I (and I think many other research supervisors) generally leave it to the main people actively working on the project / running experiments to determine what to discuss and present, since they have the most context on what needs to be discussed. I’ll sometimes come with specific questions to the meeting, but by default I won’t.
If you have a conflict for a meeting (like a 1:1), please try to cancel or reschedule the calendar invite in advance, as far in advance as you can. For meetings that are in the morning in my time zone, please try to cancel the previous day (so I can get some extra sleep :) ) – otherwise, it’s pretty low-cost to cancel a meeting last-minute (since I’ll just get the time back).
Feel free to book a time on my calendar any time you think there’s something that’d be helpful to chat about (feel free to book liberally, and I’ll let you know if the frequency is too high – that’s basically never happened though, and the usual failure mode is that people underbook meetings, especially 1:1s)
General rules for scheduling meetings/invites:
1. Make them modifiable by anyone on the invite
2. Have a Google Meet link attached
3. Have a specific where-to-meet location (e.g. booking a physical room if we're in the same office space)
4. Get Google Meet premium so meetings don't end at 1h
5. "picture-in-picture mode" with google meet lets you see people's faces while sharing your screen / being on other tabs, which is helpful for being able to see people's reactions while presenting results / sharing screen
6. Generally get comfortable with different screen sharing options, e.g., sharing tab-only, full window, joining in presentation mode, etc., so that if there are any hiccups, you can quickly fix any issues that come up
7. (A bunch of the above can be automatic/defaults, so it can be a one-time change)
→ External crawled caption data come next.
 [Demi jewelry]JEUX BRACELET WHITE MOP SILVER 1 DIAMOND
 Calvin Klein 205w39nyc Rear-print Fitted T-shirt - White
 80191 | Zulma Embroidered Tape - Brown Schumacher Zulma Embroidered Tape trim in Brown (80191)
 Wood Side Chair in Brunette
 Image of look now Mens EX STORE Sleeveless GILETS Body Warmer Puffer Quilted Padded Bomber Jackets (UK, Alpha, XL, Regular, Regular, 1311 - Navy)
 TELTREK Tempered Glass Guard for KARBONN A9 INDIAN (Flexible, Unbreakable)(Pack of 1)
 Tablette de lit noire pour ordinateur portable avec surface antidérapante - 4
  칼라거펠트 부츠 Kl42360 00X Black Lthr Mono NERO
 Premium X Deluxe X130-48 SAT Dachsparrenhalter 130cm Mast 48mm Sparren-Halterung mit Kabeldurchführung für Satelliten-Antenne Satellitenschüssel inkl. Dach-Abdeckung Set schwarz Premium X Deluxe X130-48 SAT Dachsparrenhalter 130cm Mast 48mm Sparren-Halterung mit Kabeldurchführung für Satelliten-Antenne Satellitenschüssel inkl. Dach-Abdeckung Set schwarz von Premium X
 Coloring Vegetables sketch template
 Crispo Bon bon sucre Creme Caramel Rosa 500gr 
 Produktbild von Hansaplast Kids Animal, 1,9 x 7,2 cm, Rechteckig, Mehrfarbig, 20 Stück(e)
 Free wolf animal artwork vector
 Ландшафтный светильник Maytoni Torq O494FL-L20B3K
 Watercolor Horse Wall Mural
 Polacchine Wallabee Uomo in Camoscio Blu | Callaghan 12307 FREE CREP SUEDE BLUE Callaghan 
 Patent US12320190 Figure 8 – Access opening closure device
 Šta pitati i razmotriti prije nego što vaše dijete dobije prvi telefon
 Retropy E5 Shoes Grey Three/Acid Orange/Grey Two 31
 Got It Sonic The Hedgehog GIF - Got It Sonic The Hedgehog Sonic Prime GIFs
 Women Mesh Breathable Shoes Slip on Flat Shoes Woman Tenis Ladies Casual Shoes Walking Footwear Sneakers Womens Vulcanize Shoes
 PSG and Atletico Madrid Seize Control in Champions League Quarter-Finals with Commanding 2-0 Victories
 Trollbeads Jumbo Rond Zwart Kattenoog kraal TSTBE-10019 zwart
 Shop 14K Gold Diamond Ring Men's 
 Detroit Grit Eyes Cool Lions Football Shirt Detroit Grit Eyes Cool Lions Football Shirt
Meeting with Collaborators: When you’re full-time on the project, you should probably be having at least one other meeting with other collaborator(s) per week to sync and get feedback (outside of the full group meeting where I’ll be there). It’s not strictly necessary (and will depend on the preferences of other collaborators on the project), but it will probably help ensure you’re getting the guidance you need on the project.
Overcommunication: Overcommunicating with me is really helpful, especially if I’m supervising you on a project. Otherwise, I’ll try to spend a lot of effort (often unsuccessfully) trying to figure out whether you’re happy, where you’re stuck, how I can help, etc. I think I’m good at helping to come up with solutions or unblock people if I know something’s going wrong, but find doing that hard when I have to guess at what some of the potential problems are. If you think there’s something I can improve at, communicating with me ASAP about that would be super helpful and appreciated (so I can improve our working relationship ASAP — usually other people have the same thing in mind as you do too)
Feedback: Please absolutely give me (or other project supervisors) feedback ASAP if you feel that anything is suboptimal:
- You feel like you’re struggling to do your best work for whatever reason (e.g., not enough collaboration, having some trouble debugging some kind of issue, feeling stuck on conceptual issues, etc.)
- You’re having issues with a collaborator
- You think I could be supporting you better in some way
- Rationale: Many project supervisors are supervising many projects at once (or working on their own projects full-time). Especially if we don't have a regular 1:1, it’ll be crucial for you to bring up issues during the weekly group meeting (where it’s an issue that can be discussed in the context of others) or otherwise privately (over DM or booking a 1:1 time on my calendar). This will be the primary way we can nip issues in the bud to help you have a great experience, and it relies on (over)communication on your part.
Direct Messages: I’d highly encourage you to DM me if anything ever comes up that’s time sensitive or private that is at all worth discussing
Taking Agency: I’d highly encourage you to take agency and organize whatever you think will be helpful for you (coworking, discussion groups, standups, etc.)
Other great advice on how to run research meetings
Learning from Mentorship: Mastery is a great book for understanding how to learn from mentors. Close mentorship is maybe the fastest path to become an expert in a domain, and there's a lot of evidence to support this. The main thing that's important is building a strong mental model of what your mentor would say (e.g., next steps on a project, feedback on your results, what they'd critique).

4 comments

Comments sorted by top scores.

comment by Henry Sleight (ResentHighly) · 2024-02-29T18:01:18.780Z · LW(p) · GW(p)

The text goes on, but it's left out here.